9.27 In addition, there are also random differences between individual members of both groups which affect their outcomes independently. For example, some pupils taking a school test might do well just through luck or less well due to "having a bad day", irrespective of underlying ability. These kinds of differences appear as random fluctuations or "noise" in the outcome measure. The power of a design is its ability to detect policy effects in the midst of "noise". Power is a numerical quantity - it is defined as the probability that if the true effect is of a given size, then the design will detect it with a given level of confidence, or at a given "significance level".13 The relationship between power and strength is shown in Table 9.B.

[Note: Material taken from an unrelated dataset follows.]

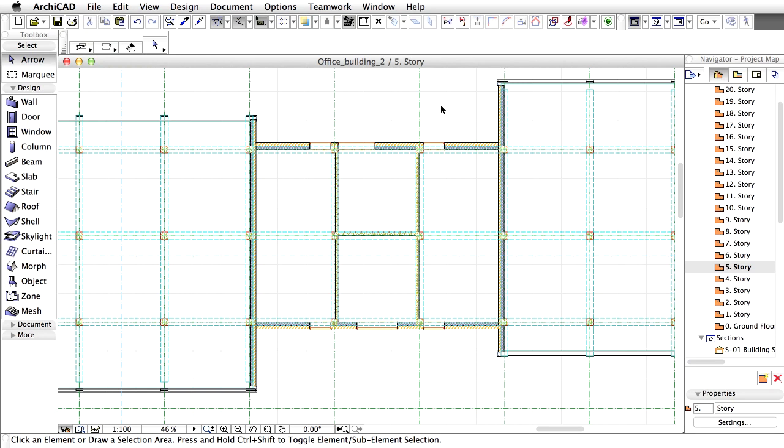We will use the Split command. This command basically shortens the existing element and creates a new one on the other side of the splitting plane. This will also have an effect on the curtain wall connections because the newly created wall will not have any automatic connections, while the existing wall will no longer need both side connections.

| Weak design Poor counterfactual or none at all | Strong design Realistic counterfactual estimate | ||
| Low power Small number of observations and / or policy effect small relative to noise | Unlikely to detect difference between groups or over time. And even if we do, we have no confidence in attributing it to the policy. | Unlikely to detect difference between groups. But if we do, then we have confidence in attributing it to the policy. | |
| High power Large number of observations and / or policy effect large relative to noise | Very likely to find a significant difference between groups but this does not mean it can be attributed to the policy. |
|
9.28 Power depends both on the size of the effect on the outcome relative to the natural
variation in that outcome (or the "signal-to-noise ratio") and on the number of observations. It also depends on the research design being used. As an illustrative example, Box 9.E is concerned with the power of a simple test of difference between two means (based on an unpaired t-test)14 as might be used to analyse the results of an RCT. It shows the number of observations required to achieve a power of 80 per cent at a significance level of five per cent for a range of signal-to-noise ratios. What is quite striking is that if the size of the policy effect is similar to or greater than the noise, then quite small sample sizes (e.g. 15 treated and 15 controls to give a combined sample of 30) are adequate; but as the relative signal size decreases, the number of observations required to detect it increases dramatically. For example, a signal-to-noise ratio of 1:8 would require a combined sample size of 2000.
|
The table shows the combined sample size (treatment + comparison group) required for an unpaired t-test if it is to have a power of 80 per cent at a significance level of five per cent. The "signal" is the mean treatment effect and the "noise" is the residual standard deviation. |
9.29 Is it possible to predict the signal-to-noise ratio, and hence the required sample size, in advance? The expected noise level may be estimated from historical data if available, but the signal - that is, the predicted policy effect - is trickier. It may be possible to estimate it from the logic model of the intervention, reasoning along the lines of how many people will be affected and what might be a realistic change in their behaviour as a result. It may alternatively be possible to calculate how big an effect would need to be in order for the policy to be considered a success (either in political or cost-benefit terms), and to say that if the actual impact was less than this it would not matter if it was undetected.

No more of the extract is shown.